V. Independent claims 1, 13, 17, 18 and 19 as granted read as follows:

1. "A connector having connected to the ends thereof a pair of conduit tubes (T) of the type which carry fibre-optics communications cables; the connector comprising a body (1, 2) having a through bore in which is disposed a fibre-optics cable (C); each end of the body having received therein an end of a conduit tube (T) for carrying the cable (C); the body having a pair of first resilient sealing means (30,34, 35) each of which encircles one of the conduit tubes (T), and compression means (1, 2, 3, 19, 24) for compressing each first resilient sealing means (30, 34, 35) against a conduit tube (T) around the circumference thereof so as to provide a substantially gas-tight seal between the body and the conduit tube (T); and a second resilient sealing means (30, 33) disposed axially between the pair of first resilient sealing means (30, 34, 35) for sealing against the fibre-optics cable (C); characterised in that the body has two main body portions (1, 2) arranged for relative axial movement therebetween, and means (3) for drawing the two main body portions (1, 2) together; and in that the second resilient sealing means (30, 33) is disposed axially between two confronting surfaces (19, 24) of the two main body portions (1, 2); the second resilient sealing means (3,33) having a through bore through which the fibre-optics cable (C) can pass when the two main body portions (1, 2) have been connected together and the second resilient sealing means (30, 33) is in an uncompressed or lightly compressed state, the second resilient sealing means (30, 33) being compressible thereafter by tightening the two main body portions (1, 2) together so as to deform the second resilient sealing means (30, 33) radially inwardly and into sealing contact with the fibre-optic cable (C), thereby to form a substantially gas-tight seal between the body and the fibre-optic cable (C)."

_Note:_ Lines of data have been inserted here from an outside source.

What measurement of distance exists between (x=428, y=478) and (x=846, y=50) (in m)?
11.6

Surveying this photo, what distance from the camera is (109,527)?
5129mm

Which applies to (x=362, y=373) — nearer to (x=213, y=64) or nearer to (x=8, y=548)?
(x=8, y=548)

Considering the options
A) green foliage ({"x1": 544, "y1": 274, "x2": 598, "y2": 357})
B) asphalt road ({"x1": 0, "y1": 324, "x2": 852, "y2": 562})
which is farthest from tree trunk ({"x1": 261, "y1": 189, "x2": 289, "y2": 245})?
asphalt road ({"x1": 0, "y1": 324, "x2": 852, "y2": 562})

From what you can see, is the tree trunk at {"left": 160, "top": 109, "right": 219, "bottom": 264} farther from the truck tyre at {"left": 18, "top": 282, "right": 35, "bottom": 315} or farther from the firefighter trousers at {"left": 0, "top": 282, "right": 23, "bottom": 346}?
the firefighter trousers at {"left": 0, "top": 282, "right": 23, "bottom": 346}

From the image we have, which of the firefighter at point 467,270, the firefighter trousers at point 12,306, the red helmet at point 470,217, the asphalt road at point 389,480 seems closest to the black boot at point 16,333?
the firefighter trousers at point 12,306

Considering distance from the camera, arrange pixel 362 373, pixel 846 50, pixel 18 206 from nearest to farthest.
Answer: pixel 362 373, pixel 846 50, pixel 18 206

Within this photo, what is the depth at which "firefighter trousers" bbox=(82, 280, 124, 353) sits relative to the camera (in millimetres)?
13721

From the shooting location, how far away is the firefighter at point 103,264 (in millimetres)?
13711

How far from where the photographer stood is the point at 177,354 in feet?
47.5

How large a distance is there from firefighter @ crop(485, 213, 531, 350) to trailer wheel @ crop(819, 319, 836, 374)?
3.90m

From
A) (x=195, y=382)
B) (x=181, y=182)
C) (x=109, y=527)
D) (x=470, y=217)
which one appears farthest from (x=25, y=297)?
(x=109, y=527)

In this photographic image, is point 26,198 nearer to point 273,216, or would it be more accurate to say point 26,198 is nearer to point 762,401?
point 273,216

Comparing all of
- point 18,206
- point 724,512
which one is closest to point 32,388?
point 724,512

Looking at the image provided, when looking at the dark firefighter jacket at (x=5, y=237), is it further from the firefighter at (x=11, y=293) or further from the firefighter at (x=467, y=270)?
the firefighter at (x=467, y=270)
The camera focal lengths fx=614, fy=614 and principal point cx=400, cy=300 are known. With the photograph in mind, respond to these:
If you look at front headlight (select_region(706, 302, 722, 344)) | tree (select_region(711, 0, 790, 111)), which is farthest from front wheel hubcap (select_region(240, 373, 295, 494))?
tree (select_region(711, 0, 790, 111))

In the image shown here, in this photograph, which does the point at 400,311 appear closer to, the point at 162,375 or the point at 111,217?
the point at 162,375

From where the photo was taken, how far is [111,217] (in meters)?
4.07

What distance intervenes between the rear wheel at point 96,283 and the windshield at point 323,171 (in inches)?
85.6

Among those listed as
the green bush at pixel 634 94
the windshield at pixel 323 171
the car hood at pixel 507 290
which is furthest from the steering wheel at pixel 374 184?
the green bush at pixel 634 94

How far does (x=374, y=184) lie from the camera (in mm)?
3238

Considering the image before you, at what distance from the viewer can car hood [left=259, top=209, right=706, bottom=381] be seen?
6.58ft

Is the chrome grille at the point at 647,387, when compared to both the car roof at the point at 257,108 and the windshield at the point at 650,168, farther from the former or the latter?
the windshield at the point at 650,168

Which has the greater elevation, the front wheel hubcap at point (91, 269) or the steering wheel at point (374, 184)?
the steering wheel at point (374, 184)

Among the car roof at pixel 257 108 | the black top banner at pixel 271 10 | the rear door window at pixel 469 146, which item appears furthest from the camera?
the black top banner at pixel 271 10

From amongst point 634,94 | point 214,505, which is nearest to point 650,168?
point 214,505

13. "A connector for connecting to an end of a conduit tube of the type which carries fibre-optics communication cables; the connector comprising a body having a through bore through which a fibre-optics cable (C) may pass; at least one end of the body being arranged to receive therein an end of a conduit tube (T) for carrying the cable (C); the body having two main body portions (1, 2) arranged for relative axial movement therebetween, the two main body portions (1, 2) together defining an annular recess therebetween in which is disposed a unitary sealing member (30), the unitary sealing member (30)comprising first resilient sealing means (34, 35) for encircling the conduit tube (T), and second resilient sealing means (33), the arrangement being such that tightening the two main body portions(1, 2) together causes compression of the sealing member (30) between confronting surfaces of the respective body portions (1, 2) such that the first resilient sealing means (34, 35) is deformed radially inwardly and into sealing contact with the conduit tube (T) and the second resilient sealing means (33) is deformed radially inwardly and into sealing contact with the fibre-optic cable (C) thereby to form a substantially gas-tight seal between the body and the conduit tube (T)and a substantially gas-tight seal between the body and the fibre-optics cable C)."

17. "A sealing member for use in a connector for connecting to an end of a conduit tube (T) which carries fibre-optic communication cables (C) as defined in claim 1; the sealing member (30) being formed of an elastomeric material and having a generally cylindrical shape; the sealing member having at least one end thereof an enlarged bore portion (34, 35) for encircling and receiving an end of a conduit tube (T), and a reduced diameter bore portion (33) through which a fibre-optics cable (C) may pass; the axial end surfaces (31, 32) of the sealing member (30) being inclined rearwardly from the radially inner edge thereof so as to form a frustoconical abutment surface."

18. "A sealing means for use in a connector for connecting to an end of a conduit tube (T) of the type which carries fibre-optics communication cables (C); the sealing means comprising a pair of sealing members(438, 439), each said sealing member having an enlarged bore portion for receiving an end of a conduit therein, and a reduced diameter bore portion (438c, 439c) through which a fibre-optics cable (C) may pass, and having an axial end surface (438a, 439a) which is inclined rearwardly from a radial inner edge thereof; and an annular member(490) of more rigid material than the two said sealing members (438,439), the annular member (490) being arranged to be disposed axially between the two sealing members (438, 439), the annular member (490) being of a general bi-concave form to assist compression and radial inward deformation of the sealing members (438, 439)."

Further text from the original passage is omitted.